Today, Moretti employs three people and harvests about 250,000 pounds of mussels a year, which he sells to six distributors. The wholesale price for mussels runs $1.50 to $2 a pound.
Aquaculture remains a tiny share of the US fishing industry, primarily because of concerns about the environmental impact of raising finfish, which are packed into pens in open water. Among the problems: pollution from accumulation of feces, destruction of natural habitats, and escapes of farm-raised fish, which can spread disease to, and interbreed with, wild stocks.
Fishermen also have been slow to embrace aquaculture, which requires a different approach — and outlook.
Aquaculture has little of the romance and freedom of fishing the open seas. Instead, it requires long-term planning, regular visits to check on gear, and initial investments that can range from thousands of dollars to millions.
“It’s challenging working with fishermen who have been doing it for 20 or 30 years and suddenly have to become stewards, rather than hunter-gatherers,” said Scott Lindell, director of the aquaculture program at the Marine Biological Laboratory, a research facility in Woods Hole.
Lindell, who has worked in the field for decades, said shellfish aquaculture is promising because it’s environmentally benign. Mussels and other bivalves such as clams and oysters act as natural filters that clean water of contaminants.
In addition, said Lindell, shellfish collecting on ropes by the thousands create an artificial reef, which in turn produces a rich ecosystem for fish and other aquatic life.
Lindell is an informal adviser to the only other federally permitted mussel farm, Catalina Sea Ranch, which will be developed 10 miles off the coast of Long Beach, Calif.
This high-tech, $5 million operation includes weather and ocean current sensors, solar panels, and robots to send real-time data to scientists studying the operation’s environmental impact.
The ranch will produce 2.7 million pounds of live mussels a year, according to Catalina’s chief executive Phil Cruver, a former tech executive.
The operation in Nantucket Sound will be much smaller. Santoro plans to initially invest about $15,000, including a federal grant, to develop his mussel farm.
Santoro trawled and dredged for fish and shellfish for about 20 years, but declining fish stocks and catch limits made the future uncertain.

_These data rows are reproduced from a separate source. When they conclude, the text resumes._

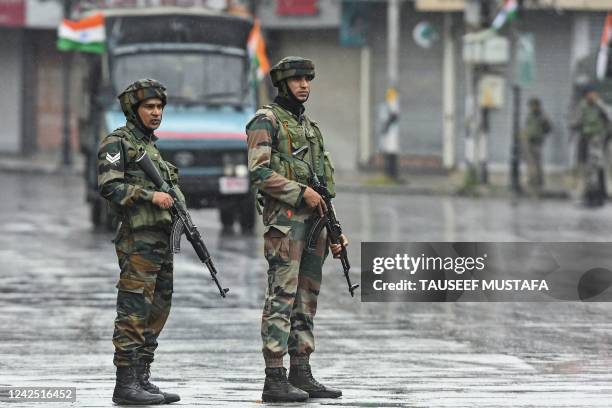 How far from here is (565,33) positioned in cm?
3869

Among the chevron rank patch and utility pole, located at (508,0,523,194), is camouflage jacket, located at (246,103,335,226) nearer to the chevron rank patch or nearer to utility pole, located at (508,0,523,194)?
the chevron rank patch

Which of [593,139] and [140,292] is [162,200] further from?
[593,139]

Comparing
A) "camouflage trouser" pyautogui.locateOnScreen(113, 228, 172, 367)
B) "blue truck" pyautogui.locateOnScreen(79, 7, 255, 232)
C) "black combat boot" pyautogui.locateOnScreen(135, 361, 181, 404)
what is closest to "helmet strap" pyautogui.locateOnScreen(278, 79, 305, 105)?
"camouflage trouser" pyautogui.locateOnScreen(113, 228, 172, 367)

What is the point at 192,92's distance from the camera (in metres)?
23.3

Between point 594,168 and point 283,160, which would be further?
point 594,168

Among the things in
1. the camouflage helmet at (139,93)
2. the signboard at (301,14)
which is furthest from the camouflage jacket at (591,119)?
the camouflage helmet at (139,93)

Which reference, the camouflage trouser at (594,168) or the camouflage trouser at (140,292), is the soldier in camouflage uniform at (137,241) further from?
the camouflage trouser at (594,168)

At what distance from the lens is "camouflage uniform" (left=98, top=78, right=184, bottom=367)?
9242mm

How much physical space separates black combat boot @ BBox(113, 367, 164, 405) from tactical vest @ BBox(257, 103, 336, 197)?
54.4 inches

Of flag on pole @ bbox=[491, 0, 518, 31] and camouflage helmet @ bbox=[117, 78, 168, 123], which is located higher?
flag on pole @ bbox=[491, 0, 518, 31]

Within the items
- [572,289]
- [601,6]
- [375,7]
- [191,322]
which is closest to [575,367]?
[191,322]

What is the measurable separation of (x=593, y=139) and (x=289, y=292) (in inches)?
803

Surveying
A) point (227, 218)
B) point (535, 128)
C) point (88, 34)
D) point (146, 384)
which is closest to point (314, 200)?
point (146, 384)

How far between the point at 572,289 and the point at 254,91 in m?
8.71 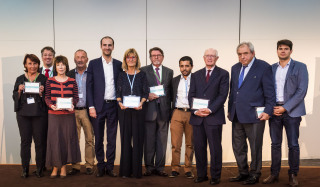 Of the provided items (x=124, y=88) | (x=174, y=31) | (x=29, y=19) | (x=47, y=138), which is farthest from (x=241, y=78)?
(x=29, y=19)

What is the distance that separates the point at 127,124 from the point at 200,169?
41.5 inches

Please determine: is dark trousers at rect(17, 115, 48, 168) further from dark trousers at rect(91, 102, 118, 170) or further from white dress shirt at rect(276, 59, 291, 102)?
white dress shirt at rect(276, 59, 291, 102)

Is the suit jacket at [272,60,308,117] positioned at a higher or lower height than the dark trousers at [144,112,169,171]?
higher

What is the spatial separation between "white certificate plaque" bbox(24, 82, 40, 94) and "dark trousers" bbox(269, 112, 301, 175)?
9.32 feet

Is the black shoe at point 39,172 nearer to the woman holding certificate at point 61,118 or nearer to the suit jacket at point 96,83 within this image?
the woman holding certificate at point 61,118

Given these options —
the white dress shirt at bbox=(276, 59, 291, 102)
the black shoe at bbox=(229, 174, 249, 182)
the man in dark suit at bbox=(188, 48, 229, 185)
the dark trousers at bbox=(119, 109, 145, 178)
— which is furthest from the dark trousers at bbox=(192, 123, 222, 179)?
the white dress shirt at bbox=(276, 59, 291, 102)

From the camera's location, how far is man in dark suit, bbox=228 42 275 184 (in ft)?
Answer: 11.0

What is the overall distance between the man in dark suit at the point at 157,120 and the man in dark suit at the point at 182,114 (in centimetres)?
11

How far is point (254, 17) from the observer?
494 centimetres

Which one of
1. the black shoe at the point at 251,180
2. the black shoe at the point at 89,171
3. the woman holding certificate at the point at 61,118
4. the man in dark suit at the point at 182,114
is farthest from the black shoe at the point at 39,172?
the black shoe at the point at 251,180

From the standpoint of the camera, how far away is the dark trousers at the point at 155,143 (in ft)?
12.6

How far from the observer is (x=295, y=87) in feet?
11.0

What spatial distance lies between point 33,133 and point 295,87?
3225 millimetres

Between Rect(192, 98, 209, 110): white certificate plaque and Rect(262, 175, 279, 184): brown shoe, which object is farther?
Rect(262, 175, 279, 184): brown shoe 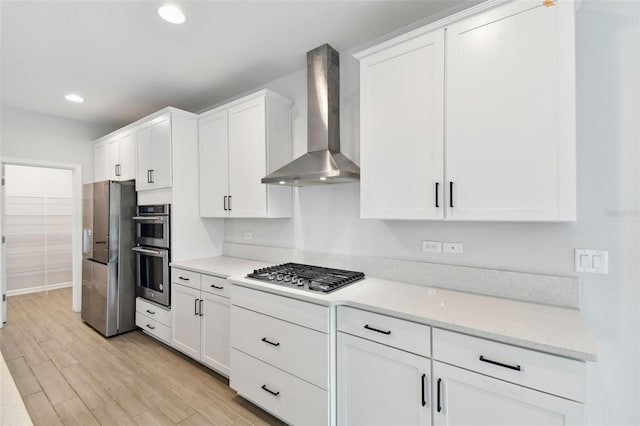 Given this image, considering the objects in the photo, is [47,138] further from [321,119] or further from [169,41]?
[321,119]

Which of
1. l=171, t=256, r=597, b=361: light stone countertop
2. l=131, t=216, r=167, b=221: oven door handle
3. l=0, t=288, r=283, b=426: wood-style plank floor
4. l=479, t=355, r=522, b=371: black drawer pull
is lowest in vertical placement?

So, when he met Lindell at a workshop, he decided to try mussel farming to diversify his income.
“I knew there was a market,” he said, “and it wasn’t being satisfied.”
When he begins operations, Santoro each week will steer his 45-foot boat, Sweet Caroline, to the triangle of Atlantic Ocean between Cape Cod, Nantucket, and Martha’s Vineyard.
He’ll employ the same “longline” growing method as used in Canada’s Prince Edward Island, the epicenter of mussel production.
This method uses vertical ropes (in Santoro’s case, 60 feet long,) anchored to the ocean bottom. Between these run cross ropes, from which hang loose ropes, 10 to 35 feet in length. The mussels grow on the loose ropes.
Santoro will raise native blue mussels from seed, or baby mussels, collected in Nantucket Sound. The ropes will be sheathed in plastic piping to prevent sea turtles and whales from becoming entangled, an unlikely occurrence.
Santoro is diffident and cautious when he talks about the project. As in terrestrial farming, there are many variables and risks, including unpredictable weather.
“We don’t know what level of success it’s going to obtain,” he said. “Is the water too warm or too cold? Is the chop in Nantucket Sound going to be too much to keep mussels on the line?”
Only time, patience, and perseverance will tell.